TODAY Illinois Gov. Pat Quinn signed into law a sweeping measure that has the potential to significantly reshape the teaching profession by linking educators' tenure, hiring, and job security to performance, rather than to seniority.These reforms represent unprecedented statewide agreement on issues that have gone unresolved across the nation. The reforms are expected to improve education in Illinois through enhanced accountability and training for teachers, administrators and school board members.
Teachers would be required to receive strong performance reviews through the evaluation system.
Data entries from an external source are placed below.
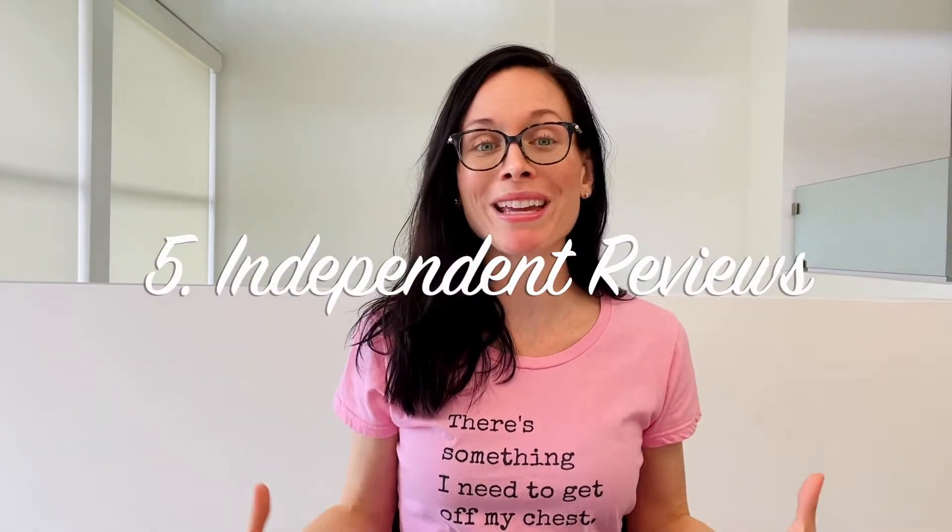And finally, number five, look for a surgeon who has women out there who are independently saying they're happy with their experience and results. Independent reviews are everything and a huge reason why I chose my surgeon. I was able to go into Facebook groups and on Instagram and ask women about their experiences with my surgeon and see tons of reviews and independently posted before and after photos. It's just reassuring to get a good general consensus that your surgeon is out there doing the best they can to leave women feeling happy and healthy.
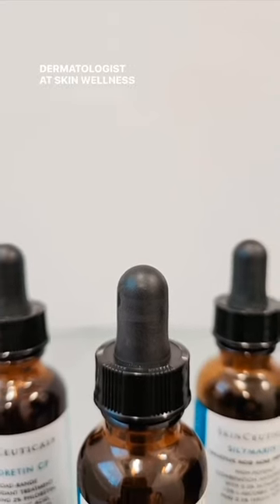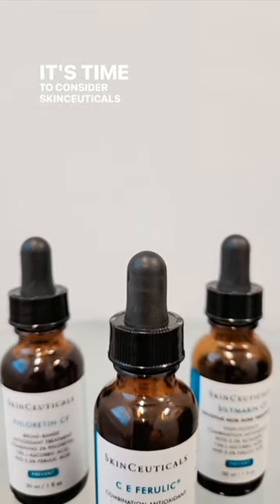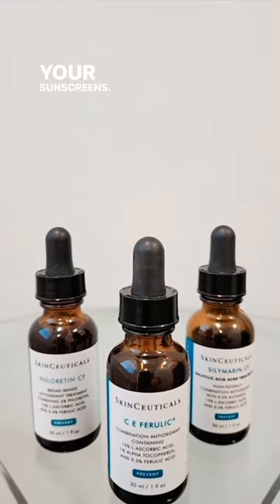Hi, my name is Daniel Wasserman, and I am a board-certified dermatologist at Skin Wellness Physicians. It's time to consider SkinCeuticals topical antioxidants with your sunscreens.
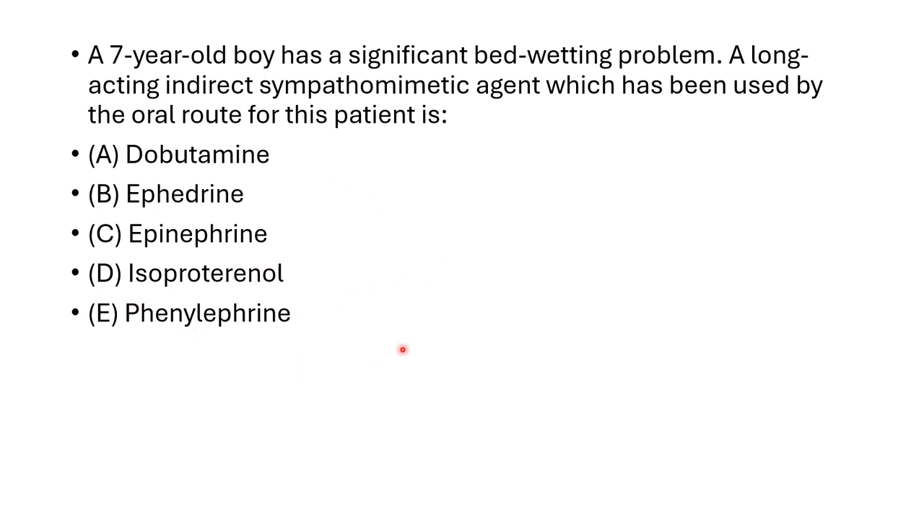The best appropriate option is ephedrine, because the question asks for a long-acting, indirectly acting sympathomimetic agent used by oral route. Dopamine, epinephrine, and isoprenaline are all given by parenteral route. Both ephedrine and phenylephrine are given orally, but phenylephrine is shorter acting whereas ephedrine is longer acting.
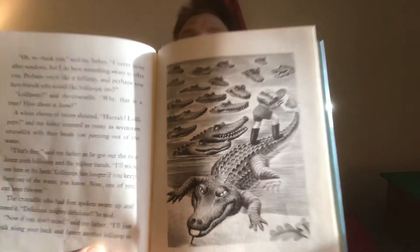'That's fine,' said my father as he got out the two dozen pink lollipops and the rubber bands. 'I'll stick one here in the bank. Lollipops last longer if you keep them out of the water, you know. Now one of you can have this one.' The crocodile who had first spoken swam up and tasted it. 'Delicious, mighty delicious,' he said. See the crocodiles coming up. 'Now if you don't mind,' said my father, 'I'll just walk along your back and fasten another lollipop to the tip of your tail with a rubber band. You don't mind, do you?'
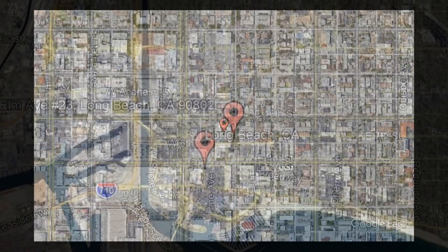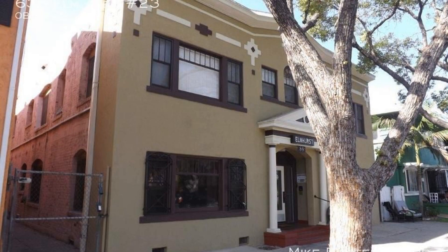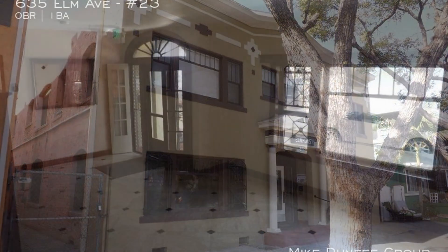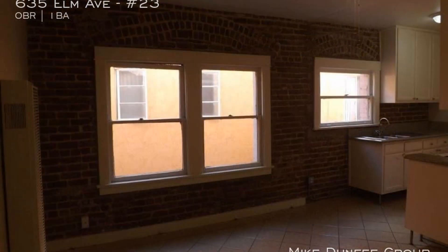635 Elm Avenue, Unit 23, Long Beach, California. This cozy second floor studio unit could be what you're looking for. This bright studio is located in downtown Long Beach near the Arts District. It features an open layout with tile flooring throughout.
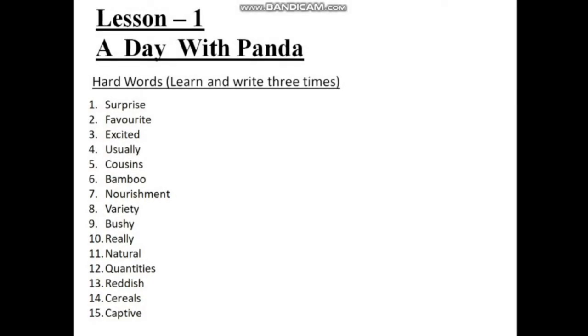Hello children, this is my second video for the lesson 'A Day with Panda', Lesson Number 1 from your course book. Today I am going to give you some hard words which you have to write three times in your copy and learn properly. In my last video I gave you the summary, so be ready and write down the spellings.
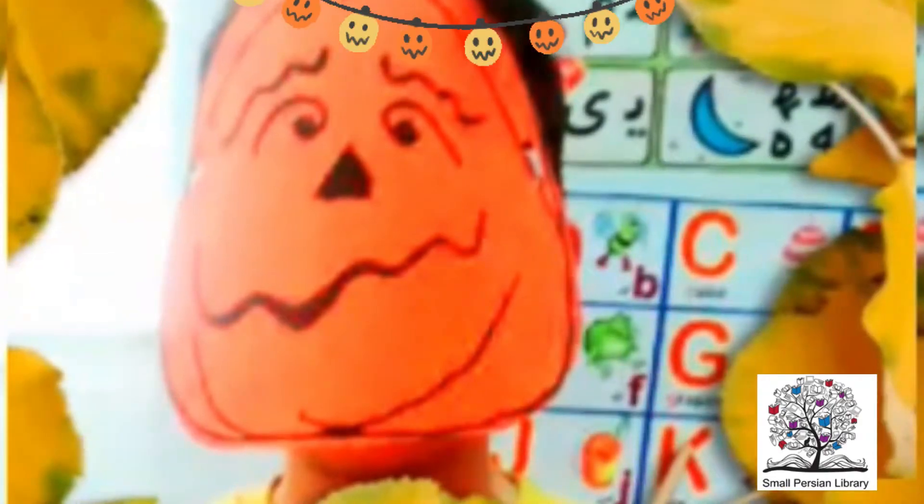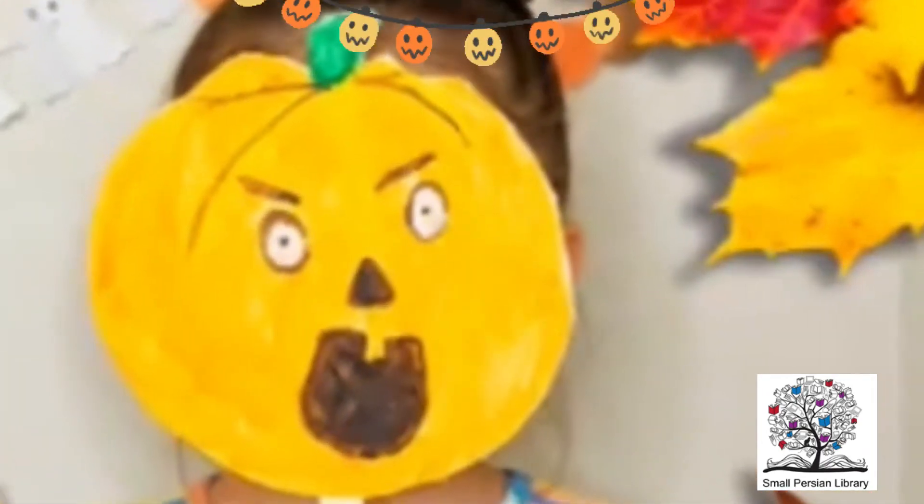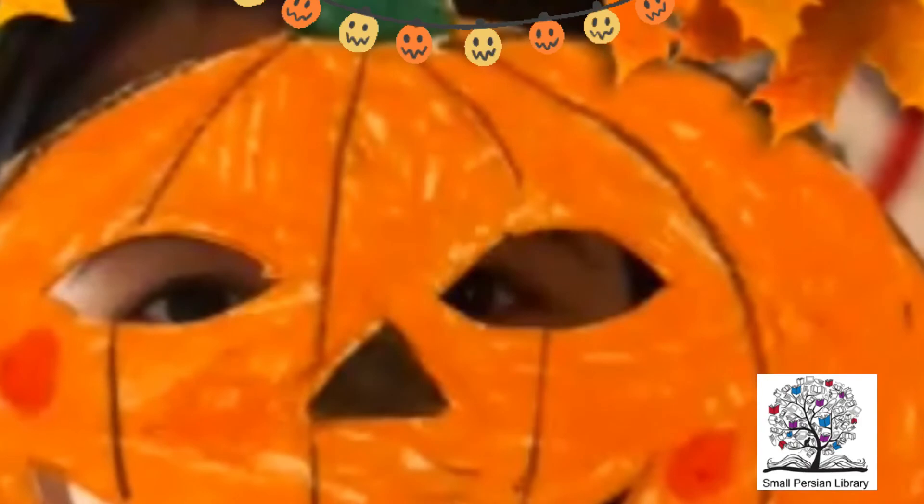I am a little pumpkin, orange and round. Here is my stem, there is the ground. When I get all cut up, don't you shout! Just open me up and scoop me out!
Teachers who achieve the highest marks can receive accelerated tenure; the law will also make it easier for teachers to transfer their tenure status to a new district, if they move.
It establishes clear standards for teacher evaluations and prioritizes performance evaluations above tenure for decisions on teacher hiring and dismissal (i.e., the law makes it easier to remove an educator from the classroom for continuously poor performance).
The law also gives local school boards much greater authority in dismissing teachers for poor conduct, and for performance. It also requires newly elected school board members to undergo "professional development leadership training" in areas including education, labor law, financial oversight (i.e. more travel requests for school board members)
The law requires regularly administered surveys of classroom conditions (i.e, solidifies the creation of the niche market for school climate control surveys and climate control officers).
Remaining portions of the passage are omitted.